Short descriptive text snippets

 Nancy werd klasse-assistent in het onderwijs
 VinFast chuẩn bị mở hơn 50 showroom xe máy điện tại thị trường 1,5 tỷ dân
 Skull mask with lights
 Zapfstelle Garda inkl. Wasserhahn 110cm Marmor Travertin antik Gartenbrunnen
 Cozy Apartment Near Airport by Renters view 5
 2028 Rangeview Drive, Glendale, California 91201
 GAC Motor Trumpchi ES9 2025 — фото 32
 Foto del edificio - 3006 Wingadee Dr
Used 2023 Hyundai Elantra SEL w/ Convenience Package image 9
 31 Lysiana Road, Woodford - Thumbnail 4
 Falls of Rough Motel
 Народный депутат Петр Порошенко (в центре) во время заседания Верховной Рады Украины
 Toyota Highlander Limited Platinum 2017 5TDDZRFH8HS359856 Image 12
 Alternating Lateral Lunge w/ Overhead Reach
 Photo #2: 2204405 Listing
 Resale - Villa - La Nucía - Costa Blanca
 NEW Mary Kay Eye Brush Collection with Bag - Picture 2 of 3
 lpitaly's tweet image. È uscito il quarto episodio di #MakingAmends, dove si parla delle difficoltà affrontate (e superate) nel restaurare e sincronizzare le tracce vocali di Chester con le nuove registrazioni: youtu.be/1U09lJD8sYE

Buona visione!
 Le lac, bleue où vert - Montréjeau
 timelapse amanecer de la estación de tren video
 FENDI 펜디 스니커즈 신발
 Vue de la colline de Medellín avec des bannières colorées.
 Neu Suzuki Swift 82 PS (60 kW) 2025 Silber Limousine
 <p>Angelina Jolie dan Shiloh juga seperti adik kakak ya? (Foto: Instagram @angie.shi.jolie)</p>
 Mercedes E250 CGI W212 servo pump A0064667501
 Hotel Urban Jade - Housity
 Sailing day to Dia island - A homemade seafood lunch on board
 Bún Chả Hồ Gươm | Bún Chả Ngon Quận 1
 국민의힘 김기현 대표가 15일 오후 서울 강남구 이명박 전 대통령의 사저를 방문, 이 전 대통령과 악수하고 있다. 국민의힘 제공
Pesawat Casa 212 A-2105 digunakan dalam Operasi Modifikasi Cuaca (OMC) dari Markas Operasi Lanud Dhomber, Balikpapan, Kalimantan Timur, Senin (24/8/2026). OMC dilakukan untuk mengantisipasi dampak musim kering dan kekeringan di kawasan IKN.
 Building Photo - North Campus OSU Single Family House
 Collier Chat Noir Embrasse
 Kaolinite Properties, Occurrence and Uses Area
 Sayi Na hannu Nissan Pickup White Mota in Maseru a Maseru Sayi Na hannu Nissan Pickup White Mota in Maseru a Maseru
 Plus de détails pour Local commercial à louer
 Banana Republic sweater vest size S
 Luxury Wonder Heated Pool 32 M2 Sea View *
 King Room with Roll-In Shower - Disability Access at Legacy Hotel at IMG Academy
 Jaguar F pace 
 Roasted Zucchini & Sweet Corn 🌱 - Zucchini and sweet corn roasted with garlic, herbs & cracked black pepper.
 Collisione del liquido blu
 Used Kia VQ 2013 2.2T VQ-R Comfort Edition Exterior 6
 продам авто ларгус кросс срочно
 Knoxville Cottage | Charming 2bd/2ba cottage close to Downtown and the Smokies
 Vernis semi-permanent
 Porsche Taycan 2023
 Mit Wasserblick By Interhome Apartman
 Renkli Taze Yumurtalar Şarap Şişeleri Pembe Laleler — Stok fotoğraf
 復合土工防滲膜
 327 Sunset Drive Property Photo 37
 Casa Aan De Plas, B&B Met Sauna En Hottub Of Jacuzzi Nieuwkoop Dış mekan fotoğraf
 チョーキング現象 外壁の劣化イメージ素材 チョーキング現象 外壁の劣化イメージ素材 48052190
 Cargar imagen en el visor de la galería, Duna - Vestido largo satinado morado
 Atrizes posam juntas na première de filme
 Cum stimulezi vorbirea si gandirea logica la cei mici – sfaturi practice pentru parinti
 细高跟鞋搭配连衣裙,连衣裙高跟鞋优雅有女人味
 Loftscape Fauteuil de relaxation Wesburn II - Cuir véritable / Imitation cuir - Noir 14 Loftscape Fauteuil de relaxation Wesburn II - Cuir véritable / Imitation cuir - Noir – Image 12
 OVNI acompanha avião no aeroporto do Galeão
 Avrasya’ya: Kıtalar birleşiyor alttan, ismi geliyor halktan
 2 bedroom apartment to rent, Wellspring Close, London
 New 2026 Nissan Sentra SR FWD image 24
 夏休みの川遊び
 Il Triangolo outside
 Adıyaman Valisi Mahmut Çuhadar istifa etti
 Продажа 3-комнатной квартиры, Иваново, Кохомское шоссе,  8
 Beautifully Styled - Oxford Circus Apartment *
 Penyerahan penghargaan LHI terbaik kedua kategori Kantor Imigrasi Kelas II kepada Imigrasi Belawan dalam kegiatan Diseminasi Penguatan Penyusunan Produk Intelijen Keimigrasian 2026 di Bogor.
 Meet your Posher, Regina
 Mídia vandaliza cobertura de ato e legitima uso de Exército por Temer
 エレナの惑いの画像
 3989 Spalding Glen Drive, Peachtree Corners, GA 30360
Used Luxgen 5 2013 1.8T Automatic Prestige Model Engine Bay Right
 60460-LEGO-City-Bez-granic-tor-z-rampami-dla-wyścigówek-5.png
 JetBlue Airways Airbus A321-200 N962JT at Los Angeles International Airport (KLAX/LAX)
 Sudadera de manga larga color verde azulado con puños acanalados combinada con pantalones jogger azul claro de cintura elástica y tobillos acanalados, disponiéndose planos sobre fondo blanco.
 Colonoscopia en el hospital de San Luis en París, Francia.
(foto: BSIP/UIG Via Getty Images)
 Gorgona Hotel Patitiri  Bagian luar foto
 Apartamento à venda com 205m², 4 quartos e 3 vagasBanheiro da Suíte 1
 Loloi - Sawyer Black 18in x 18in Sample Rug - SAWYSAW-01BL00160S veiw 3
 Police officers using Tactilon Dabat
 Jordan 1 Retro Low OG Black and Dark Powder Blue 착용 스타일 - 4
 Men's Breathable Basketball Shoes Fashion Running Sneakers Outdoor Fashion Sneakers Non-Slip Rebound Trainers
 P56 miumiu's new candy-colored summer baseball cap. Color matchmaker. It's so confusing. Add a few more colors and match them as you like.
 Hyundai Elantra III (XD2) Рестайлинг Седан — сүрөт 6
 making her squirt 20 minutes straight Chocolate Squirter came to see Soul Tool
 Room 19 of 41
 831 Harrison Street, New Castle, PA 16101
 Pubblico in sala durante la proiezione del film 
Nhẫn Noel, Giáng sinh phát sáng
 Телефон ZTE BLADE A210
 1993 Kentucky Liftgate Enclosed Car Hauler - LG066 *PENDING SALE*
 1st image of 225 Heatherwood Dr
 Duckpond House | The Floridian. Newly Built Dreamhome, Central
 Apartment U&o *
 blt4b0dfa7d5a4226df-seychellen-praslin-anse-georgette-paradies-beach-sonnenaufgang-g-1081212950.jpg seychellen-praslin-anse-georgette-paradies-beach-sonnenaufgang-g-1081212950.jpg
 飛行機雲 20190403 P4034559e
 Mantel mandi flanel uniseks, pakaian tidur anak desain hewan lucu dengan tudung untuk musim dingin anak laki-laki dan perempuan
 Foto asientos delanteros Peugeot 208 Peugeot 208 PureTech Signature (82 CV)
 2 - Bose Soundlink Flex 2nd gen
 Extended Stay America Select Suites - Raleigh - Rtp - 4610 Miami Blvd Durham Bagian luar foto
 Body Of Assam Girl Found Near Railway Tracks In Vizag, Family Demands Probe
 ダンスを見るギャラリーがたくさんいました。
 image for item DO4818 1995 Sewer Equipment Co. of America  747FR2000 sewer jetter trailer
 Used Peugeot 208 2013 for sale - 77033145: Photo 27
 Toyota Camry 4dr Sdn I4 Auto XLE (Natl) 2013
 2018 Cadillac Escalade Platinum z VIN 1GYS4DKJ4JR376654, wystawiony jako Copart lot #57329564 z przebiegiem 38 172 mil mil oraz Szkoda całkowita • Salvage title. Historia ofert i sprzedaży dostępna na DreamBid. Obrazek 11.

# TASK ITEM
Reproduce, word for word and in full, only the lines above that start at the line with "细高跟鞋搭配连衣裙,连衣裙高跟鞋优雅有女人味" and run through the line with "Beautifully Styled - Oxford", both ends included.

# ANSWER BELOW
 细高跟鞋搭配连衣裙,连衣裙高跟鞋优雅有女人味
 Loftscape Fauteuil de relaxation Wesburn II - Cuir véritable / Imitation cuir - Noir 14 Loftscape Fauteuil de relaxation Wesburn II - Cuir véritable / Imitation cuir - Noir – Image 12
 OVNI acompanha avião no aeroporto do Galeão
 Avrasya’ya: Kıtalar birleşiyor alttan, ismi geliyor halktan
 2 bedroom apartment to rent, Wellspring Close, London
 New 2026 Nissan Sentra SR FWD image 24
 夏休みの川遊び
 Il Triangolo outside
 Adıyaman Valisi Mahmut Çuhadar istifa etti
 Продажа 3-комнатной квартиры, Иваново, Кохомское шоссе,  8
 Beautifully Styled - Oxford Circus Apartment *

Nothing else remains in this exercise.